Secondly, LinksSpy now automatically checks each entered URL for a redirect. LinksSpy uses an exact match algorithm, meaning that when you enter “doubleyourltv.com” LinksSpy will only look at links to “doubleyourltv.com”. This allows users to laser-focus their campaigns – John Turner has written a detailed article on how to leverage that.
The problem here is when “doubleyourltv.com” redirects to “www.doubleyourltv.com”: Browsers follow that redirection and people end up linking to “www.doubleyourltv.com” most of the time.

In essence, this leads to campaigns showing very few link opportunities, when – with the right URL – there would be 100’s of link opportunities. Anyways, this is now “fixed” and users get alerted to the redirect while still having the flexibility to use the URL they entered. This has improved onboarding quite a bit.

Thirdly, I redesigned the incentive landing page where people can opt-in to my email course while getting a competitive link analysis report as a lead magnet. I also put a bit of work into the homepage, which now has CTAs for the link competitive link analysis report.

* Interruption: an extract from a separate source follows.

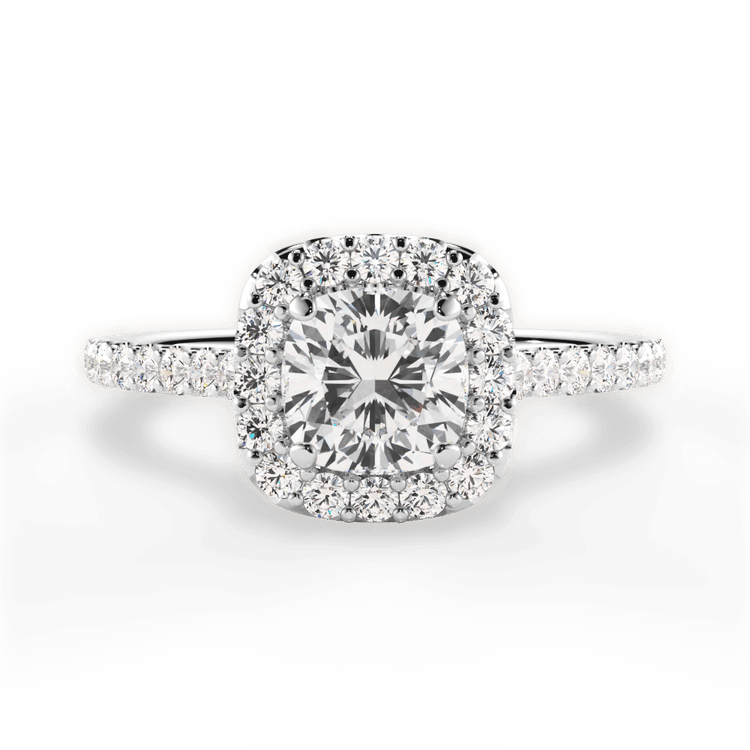 The Aria Cushion Cut Platinum Halo Diamond Engagement Ring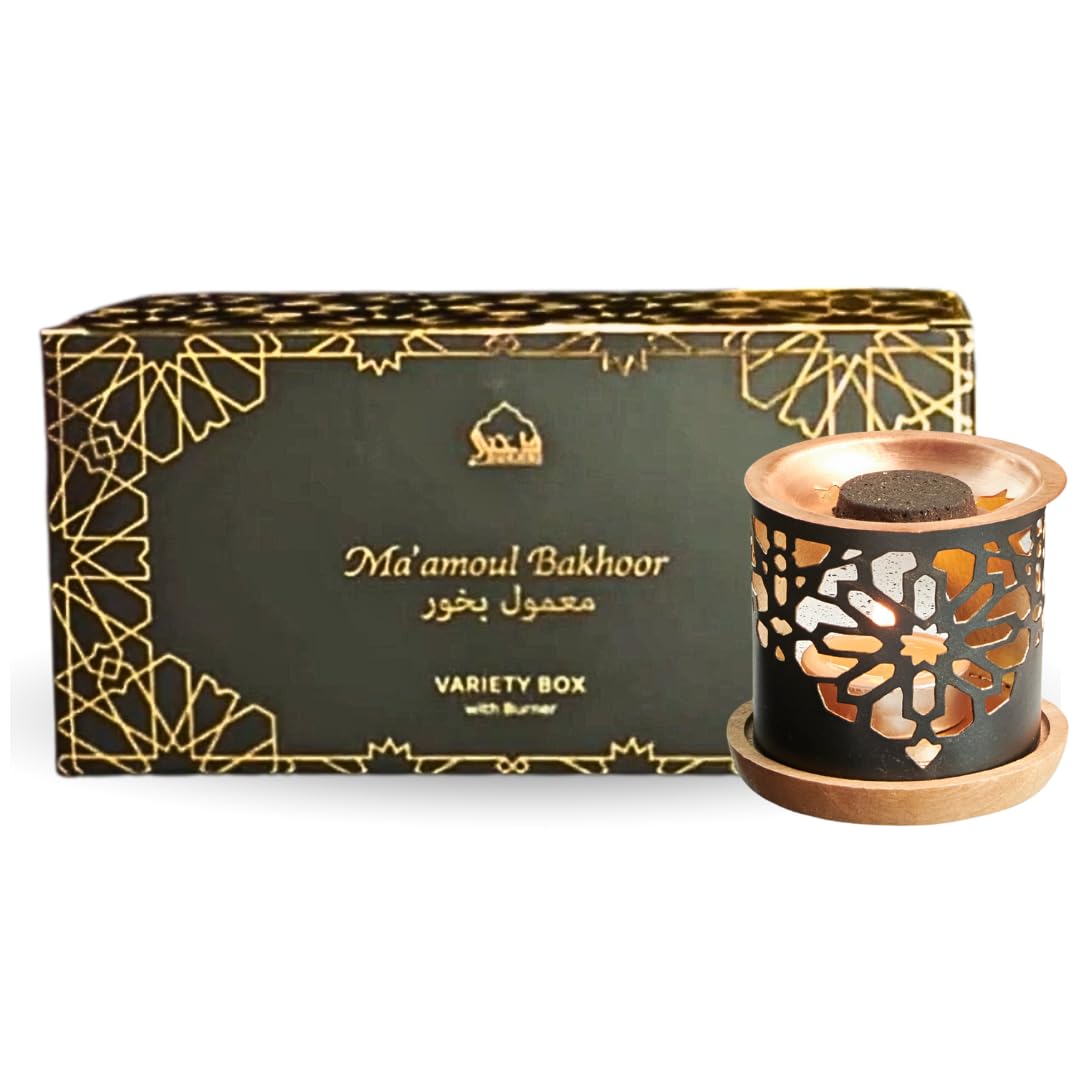 Maamoul Bakhoor Variety Box & Burner by Dukhni | Discovery Kit, Gift Set, Diwali Décor & Festive Gift | Authentic Assorted Oud Incense | 10 pcs Bakhoor | Ideal Diwali Gift for Family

01_start 02_background-copy 03_white-box-blue-border 04_subheading-margin-smaller-textarea-alignment 06_different-headline-sub-button-text

 

 

Lastly, I did my taxes and hired a new writer for the blog. Taxes were tremendously fun… NOT.

What to Focus on Next Month

In April I’m going to focus on the onboarding process. The feedback I get from users points me to them often not seeing enough value right after start.
I have some ideas on how to improve onboarding and that is what I will be focusing my time on.

My Takeaways

I definitely improved my email marketing, which will be a great asset moving forward. I’m super stoked about the new feature I am developing and hope it will deliver great results. If my predictions are true (they probably aren’t), this feature will help reduce churn.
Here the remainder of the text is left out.